I am also deeply concerned about the risks faced by migrants, refugees and asylum-seekers who continue to attempt to cross the Mediterranean.

In 2020, more than 5,000 refugees and migrants have been intercepted or rescued at sea and returned to Libya.

Many of those intercepted have been detained, with an estimated 2,100 migrants and refugees remaining in official detention centres, in some circumstances in appalling conditions.

Authorities must urgently strengthen efforts towards finding alternatives to detention in Libya and more sustainable solutions for vulnerable migrants and refugees.


The COVID-19 pandemic is a cause of growing concern in Libya.  In the month of June alone, confirmed cases grew by seven-fold.

This has brought the total to 1046 confirmed cases and 32 deaths.  Amid acute shortages of testing kits, the true scale of the pandemic in Libya is likely to be much higher.

I strongly encourage the Libyan authorities to endorse a comprehensive national preparedness and response plan, which is a critical step to ensuring a coherent and coordinated approach to combatting the pandemic. 

Adequate resources must be made available to strengthen the country’s capacity to test, trace, isolate and treat people.


As tensions simmer in central Libya, the United Nations has continued to engage with the parties to prevent the conflict from spreading to Libya’s Oil Crescent region, from which the country derives sixty percent of its oil resources.

The current blockade has already cost over six billion dollars in lost revenues, damaged oil infrastructure and created the conditions for an historically high budget deficit of over 50 per cent of Libya’s GDP.

With the support of Member States, the Mission has undertaken mediation aimed at lifting the oil blockade, in place since January 2020, in order to spare this vitally important area from the full spectre of armed conflict and to alleviate economic hardship compounded by the conflict and COVID-19.

Two days ago, the Economic Working Group comprising the Berlin conference participants held a virtual meeting with the Chairman of the National Oil Corporation and issued a joint statement supporting the National Oil Corporation, as it resumes oil production across Libya. 

The National Oil Corporation has declared today its intention to lift force majeure on the eastern port of El Sider to allow a tanker to on-load crude oil now in storage.  It has further called for the immediate departure of all armed groups from the Libyan oil facilities.  I am confident that the Council will continue to support efforts aimed at lifting the oil blockade for the benefit of Libyan people. 


In order to improve the transparent allocation of the country’s abundant resources, UNSMIL has worked tirelessly towards conducting an international audit of the two branches of the Central Bank of Libya.

Unfortunately, this audit has not achieved the envisaged progress due to the obstruction by several key national officials.

This is occurring despite Libya’s own judicial authorities having deemed the audit legal in June of this year.

I call on the Security Council to make full use of the necessary measures to ensure that this essential exercise is initiated as soon as possible.

Mr.

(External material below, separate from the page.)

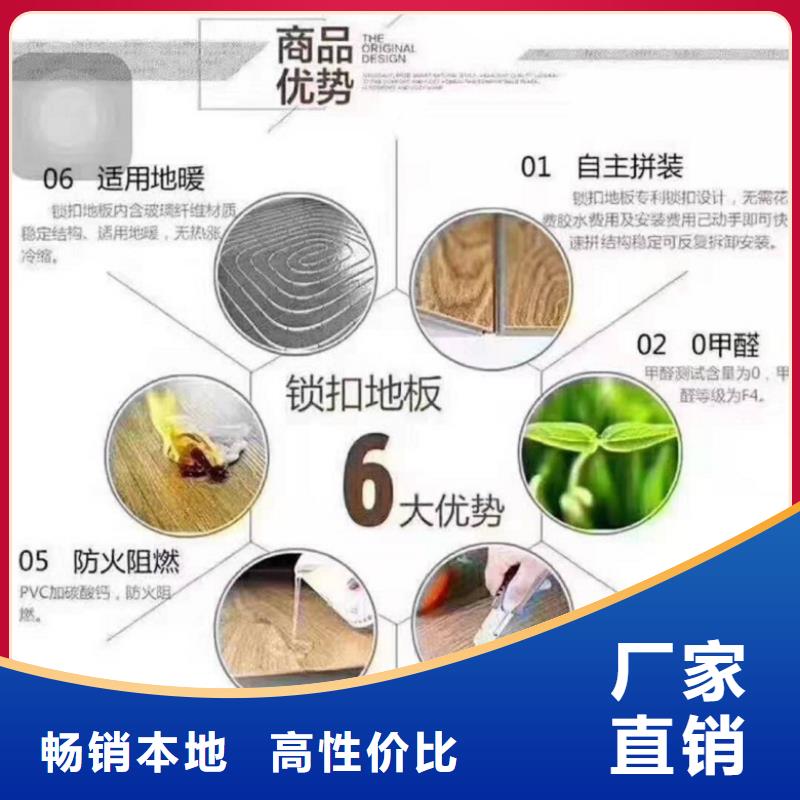 SPC石塑地板【3D背景墙】支持非标定制用心做好每一件产品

President,

UNSMIL remains on the ground in Libya despite the difficult circumstances.

The designation of a new Special Representative will greatly facilitate the Missions’ efforts and I count on the Security Council in expediting the process.

On 10 August, we will mark the one year anniversary of the attack in Benghazi that killed three of our dear colleagues, Hussein al-Hadar, Clive Peck and Seniloli (“Tabs”) Tabuatausole, and injured two others.

The perpetrators of the attack have yet to be identified, but this tragedy will not discourage the UN from delivering on its mandate to bring peace, stability and prosperity to Libya and its people.